Socializing-i dont get it..

bsammy

Well-known member
im not sure how many APDers are with me on this but i dont understand socializing in general.i do understand if you are working with people and you make the day go faster by talking about different things, i understand that.or if you run into someone at town, you say 'hi' and maybe say a few things, i get that as well but i have never really understood the act of going to someones house just to socialize.just to 'chit chat' or hang out.i always found that extremely draining and downright boring...

i would say when im out and see someone i know i avoid and it isnt out of 'fear' necessarily but that i simply dont see the reason for chatting with this person.this goes for my own family believe it or not as i have no fear in talking to my sister.lol.maybe its the years of isolation and APD thats made me this way but i dont think so as ive always been this way.i can enjoy socializing but its extremely rare.if i had to sum up socializing in my way i almost see it largely as a waste of time..im not sure if this is my introversion speaking, apd, that i find chit chat boring, me being self absorbed or what.anyone else out there know what im talking about?

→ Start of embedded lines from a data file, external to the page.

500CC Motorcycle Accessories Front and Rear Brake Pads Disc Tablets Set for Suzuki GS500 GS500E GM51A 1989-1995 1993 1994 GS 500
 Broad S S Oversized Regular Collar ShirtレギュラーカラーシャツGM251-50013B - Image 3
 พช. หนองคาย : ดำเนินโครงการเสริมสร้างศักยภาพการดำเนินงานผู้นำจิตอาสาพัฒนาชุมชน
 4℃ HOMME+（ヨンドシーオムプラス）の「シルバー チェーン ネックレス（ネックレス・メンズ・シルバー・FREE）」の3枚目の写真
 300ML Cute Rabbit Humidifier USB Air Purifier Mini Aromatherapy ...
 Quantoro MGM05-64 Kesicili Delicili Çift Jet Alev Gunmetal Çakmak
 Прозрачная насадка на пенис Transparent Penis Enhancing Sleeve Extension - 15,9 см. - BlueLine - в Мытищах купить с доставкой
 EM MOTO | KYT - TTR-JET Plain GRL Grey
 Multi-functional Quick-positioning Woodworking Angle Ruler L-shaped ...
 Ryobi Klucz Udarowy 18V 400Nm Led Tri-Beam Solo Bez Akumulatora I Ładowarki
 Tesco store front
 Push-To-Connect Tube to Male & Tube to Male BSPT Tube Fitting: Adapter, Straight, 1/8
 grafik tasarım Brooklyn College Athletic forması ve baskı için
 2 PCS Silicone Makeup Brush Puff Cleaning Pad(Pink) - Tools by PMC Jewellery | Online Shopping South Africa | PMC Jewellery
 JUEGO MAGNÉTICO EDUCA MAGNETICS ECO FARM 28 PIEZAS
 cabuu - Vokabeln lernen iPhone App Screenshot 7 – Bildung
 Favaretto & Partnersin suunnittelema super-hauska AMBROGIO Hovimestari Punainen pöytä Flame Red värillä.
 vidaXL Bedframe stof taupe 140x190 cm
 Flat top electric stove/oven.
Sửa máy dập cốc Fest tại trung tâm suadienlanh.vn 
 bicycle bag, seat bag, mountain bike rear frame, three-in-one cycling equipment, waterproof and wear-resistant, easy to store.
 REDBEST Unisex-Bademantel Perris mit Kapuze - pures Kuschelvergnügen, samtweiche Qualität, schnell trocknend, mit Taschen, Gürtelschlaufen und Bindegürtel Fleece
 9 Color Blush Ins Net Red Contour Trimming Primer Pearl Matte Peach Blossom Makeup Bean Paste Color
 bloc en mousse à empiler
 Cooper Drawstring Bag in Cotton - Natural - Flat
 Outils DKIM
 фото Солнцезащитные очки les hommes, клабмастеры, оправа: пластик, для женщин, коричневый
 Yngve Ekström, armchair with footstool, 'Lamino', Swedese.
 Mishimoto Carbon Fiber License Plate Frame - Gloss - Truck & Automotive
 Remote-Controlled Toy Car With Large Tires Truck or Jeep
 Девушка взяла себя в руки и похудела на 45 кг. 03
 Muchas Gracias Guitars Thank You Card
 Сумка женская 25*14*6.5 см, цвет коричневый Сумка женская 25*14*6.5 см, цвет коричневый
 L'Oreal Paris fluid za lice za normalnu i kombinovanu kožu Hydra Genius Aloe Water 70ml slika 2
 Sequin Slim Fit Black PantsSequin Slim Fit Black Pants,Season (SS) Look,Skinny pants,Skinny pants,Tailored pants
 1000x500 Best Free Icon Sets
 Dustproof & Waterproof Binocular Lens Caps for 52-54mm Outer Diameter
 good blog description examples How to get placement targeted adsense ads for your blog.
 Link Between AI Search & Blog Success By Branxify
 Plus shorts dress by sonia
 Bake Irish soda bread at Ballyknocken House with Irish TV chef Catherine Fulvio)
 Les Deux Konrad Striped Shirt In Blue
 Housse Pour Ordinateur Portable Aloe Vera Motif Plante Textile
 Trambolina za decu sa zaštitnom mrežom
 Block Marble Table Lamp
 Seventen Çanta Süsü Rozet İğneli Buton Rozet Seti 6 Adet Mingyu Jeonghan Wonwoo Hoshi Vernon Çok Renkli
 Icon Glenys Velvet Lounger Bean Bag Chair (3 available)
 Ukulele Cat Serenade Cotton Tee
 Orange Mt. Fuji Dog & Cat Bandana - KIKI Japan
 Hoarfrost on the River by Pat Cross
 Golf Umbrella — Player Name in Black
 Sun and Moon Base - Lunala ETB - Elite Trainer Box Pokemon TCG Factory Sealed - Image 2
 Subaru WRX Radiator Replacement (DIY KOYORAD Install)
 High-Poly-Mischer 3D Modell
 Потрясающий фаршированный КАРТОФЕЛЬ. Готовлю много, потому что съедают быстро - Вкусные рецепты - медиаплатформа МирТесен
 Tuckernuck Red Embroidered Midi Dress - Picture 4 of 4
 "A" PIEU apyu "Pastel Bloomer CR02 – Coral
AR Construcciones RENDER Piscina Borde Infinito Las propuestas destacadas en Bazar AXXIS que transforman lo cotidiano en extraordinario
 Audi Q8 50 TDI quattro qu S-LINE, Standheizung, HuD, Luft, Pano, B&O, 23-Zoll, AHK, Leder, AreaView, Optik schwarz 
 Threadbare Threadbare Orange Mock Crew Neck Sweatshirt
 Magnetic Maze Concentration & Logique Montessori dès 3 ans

another reason why im unable to make friendships and relationships last as i see little reason to 'touch base' with others.i simply live in my own head, usually have little desire to share my daily life experiences with others..which puts me at odds with most people because lets face it, they usually love to share every single detail about their lives, now dont they? lol
 

twiggle

Well-known member
People are different, in the same ways in which we enjoy watching different t.v programmes, we enjoy different ways of socialising. I'd imagine there are many who may feel similar to you, but when you say that the idea of chatting to others doesn't fill you with much excitement, are you referring to the chatter itself, or is it just that maybe you haven't yet met anybody you feel you might click with and would have more stuff to say to than the basic form of 'hey, how are you?'.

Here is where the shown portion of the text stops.